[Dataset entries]
────────────────────

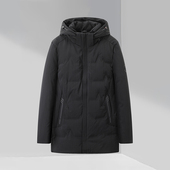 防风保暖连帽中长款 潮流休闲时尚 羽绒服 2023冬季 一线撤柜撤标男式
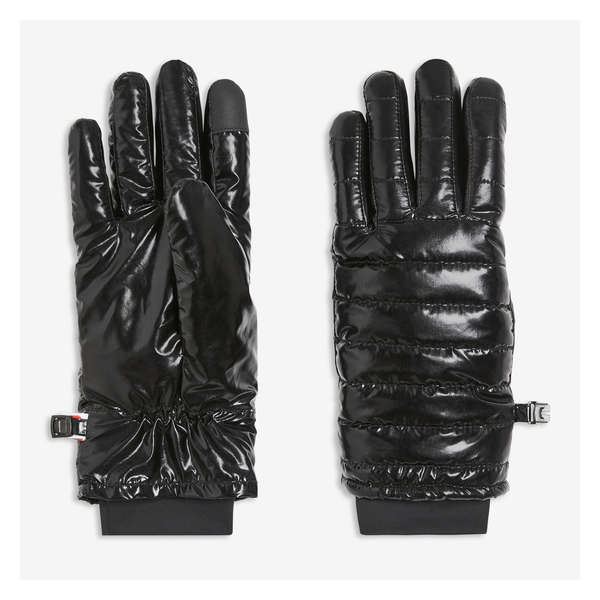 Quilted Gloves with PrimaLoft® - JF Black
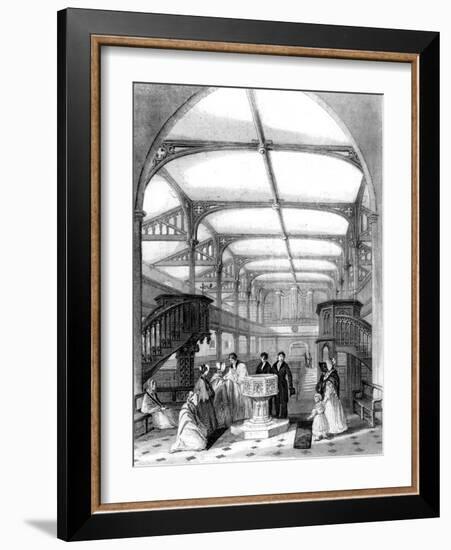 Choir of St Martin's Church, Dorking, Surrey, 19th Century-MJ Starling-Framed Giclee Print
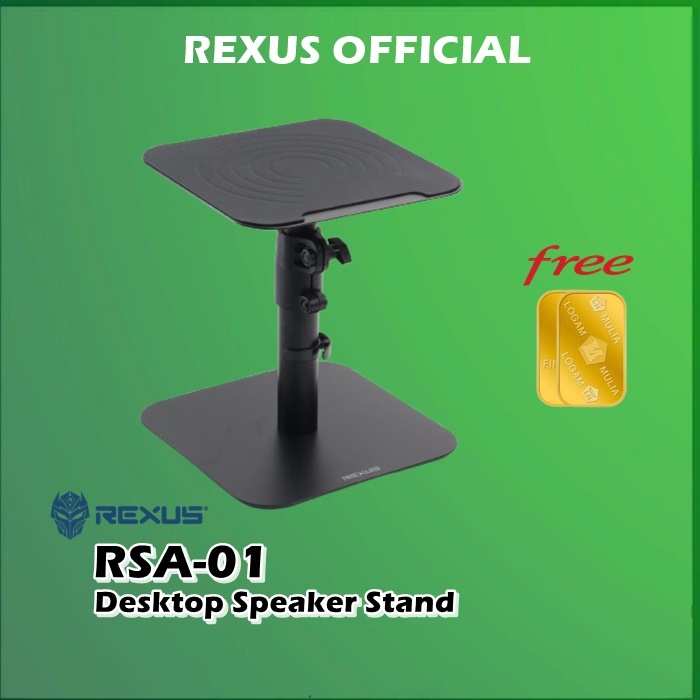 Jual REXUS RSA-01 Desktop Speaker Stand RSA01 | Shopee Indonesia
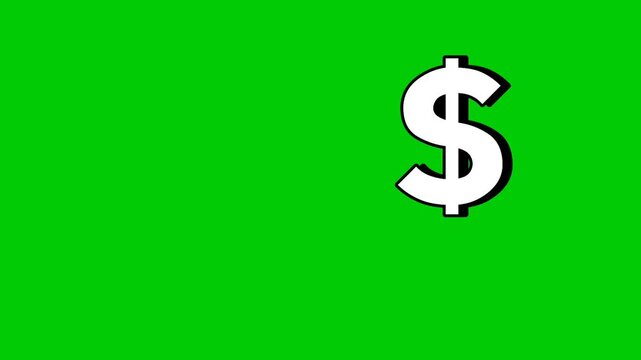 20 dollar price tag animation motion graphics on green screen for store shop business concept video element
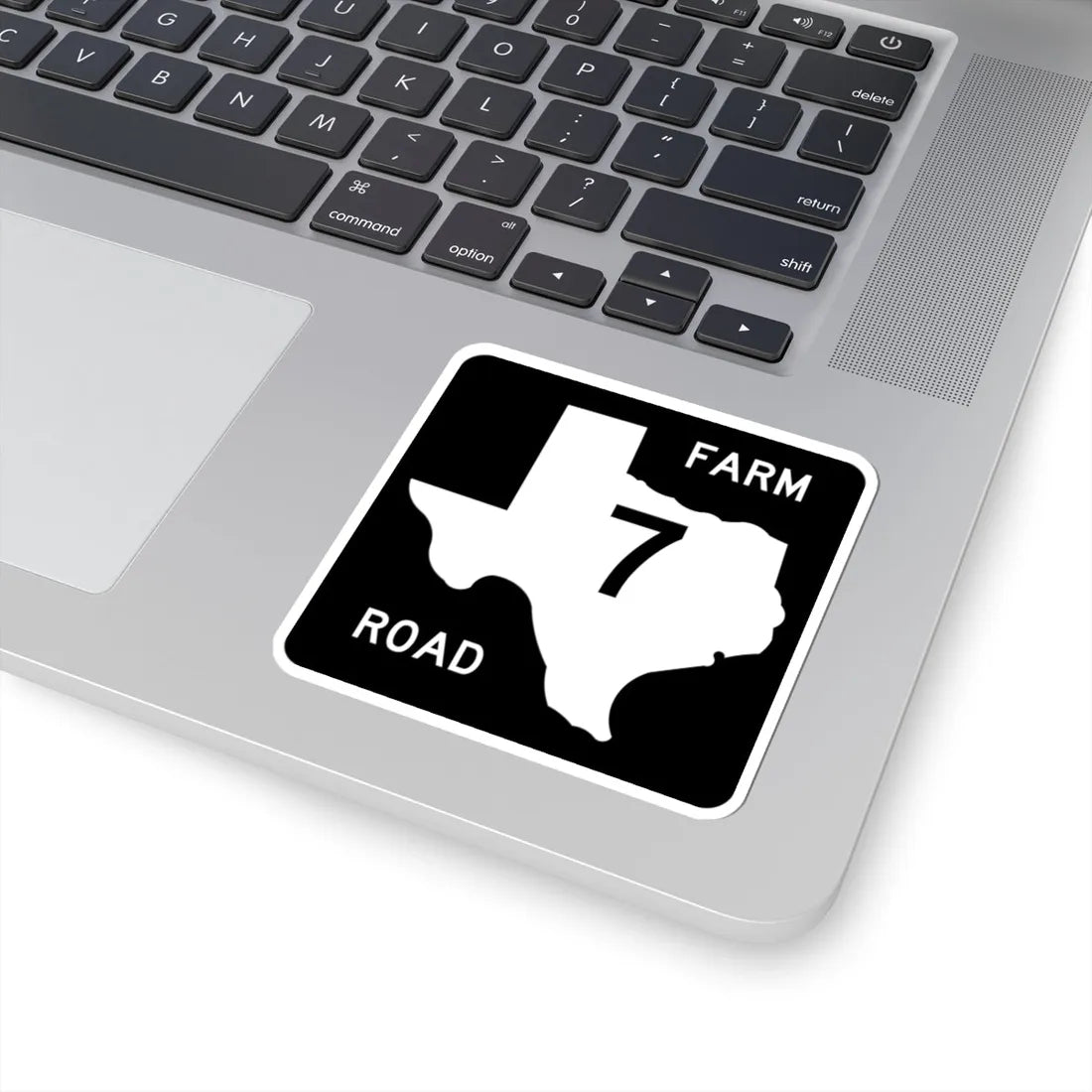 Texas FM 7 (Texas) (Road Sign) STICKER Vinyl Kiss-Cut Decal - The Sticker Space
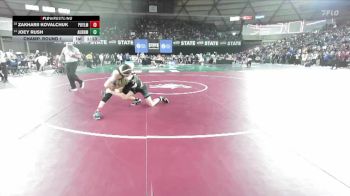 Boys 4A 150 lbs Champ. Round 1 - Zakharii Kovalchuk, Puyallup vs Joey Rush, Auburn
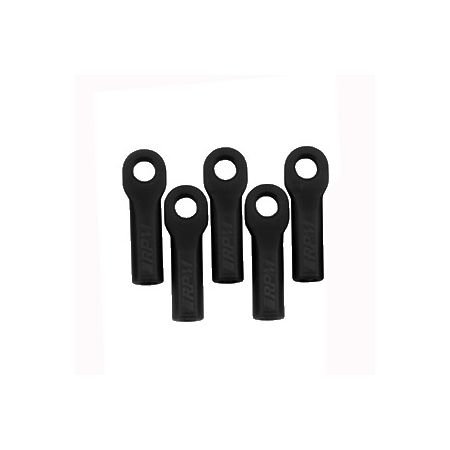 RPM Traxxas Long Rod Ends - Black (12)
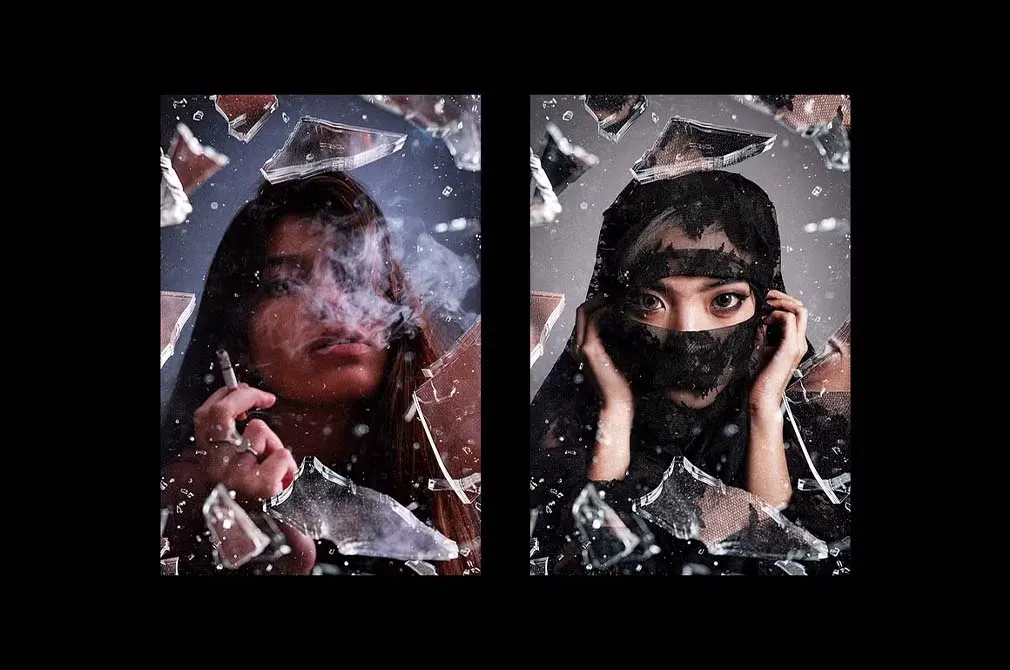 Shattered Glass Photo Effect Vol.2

────────────────────

PROBLEM STATEMENT. What you set down should be exactly the lines from the line containing "Boys 4A 150" to the last line of the entries above, both included, with no pictures.

RESPONSE AREA.
 Boys 4A 150 lbs Champ. Round 1 - Zakharii Kovalchuk, Puyallup vs Joey Rush, Auburn
 RPM Traxxas Long Rod Ends - Black (12)
 Shattered Glass Photo Effect Vol.2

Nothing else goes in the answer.